From January 22, approximately eight hundred people will read out the names of more than 100,000 victims of the Holocaust on the grounds of the former Westerbork camp.
Amsterdam mayor Femke Halsema, the mayors of almost all provincial capitals and state secretaries Vincent Karremans (Youth, Prevention and Sport) and Mariëlle Paul (Fundamental Education and Emancipation), among others, are participating.
The so-called Name Reading takes place from January 22 to 27 and continues day and night.
The first names are read by Eva Weyl and her granddaughter. Weyl and her Jewish parents were imprisoned in Westerbork camp for more than 2.5 years during the Second World War. According to Bertien Minco, director of the Camp Westerbork Remembrance Center, it is essential to involve the younger generation in the commemoration. “That is why I am happy that many survivors, relatives and mayors read together with young people, and that schools participate en masse.”
It is the fifth time that the names of Holocaust victims are read out at the former camp site in Hooghalen.

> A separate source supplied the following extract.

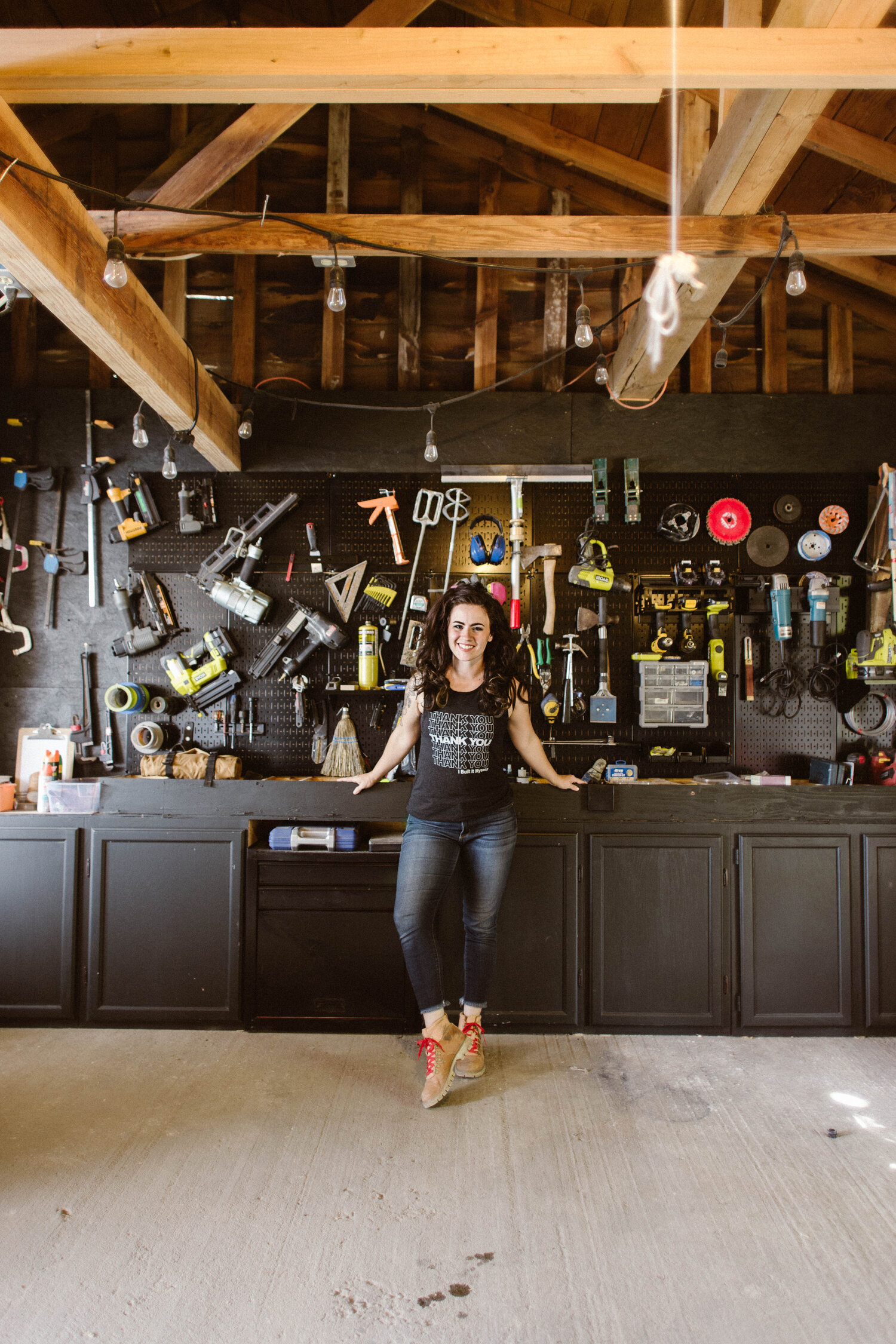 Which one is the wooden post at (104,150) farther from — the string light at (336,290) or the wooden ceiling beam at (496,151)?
the string light at (336,290)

Previous editions were known as Reading the 102,000 Names. That title has now been changed to Reading Names, because the list of names has been expanded. In addition to Jews, Sinti and Roma who were born in the Netherlands, it now also contains names of, among others, Jewish refugees from Germany and Austria and Dutch people who have been deported from Belgium or France. This brings the total number of victims on the list to approximately 104,000.
For the first time, the reading of the names is briefly interrupted to reflect on the Sabbath, the weekly Jewish day of rest that begins on Friday at sunset. A Sabbath ritual is then performed with an explanation, a spokesperson for the memorial center said. There will be another short break on Saturday afternoon, January 25, when candles will be extinguished to mark the end of the Sabbath.
On Monday, January 27, the last names will be read out by Holocaust survivor Hans Peeper. That date, on which the Auschwitz-Birkenau concentration and extermination camp was liberated in 1945, has been declared International Holocaust Remembrance Day by the United Nations.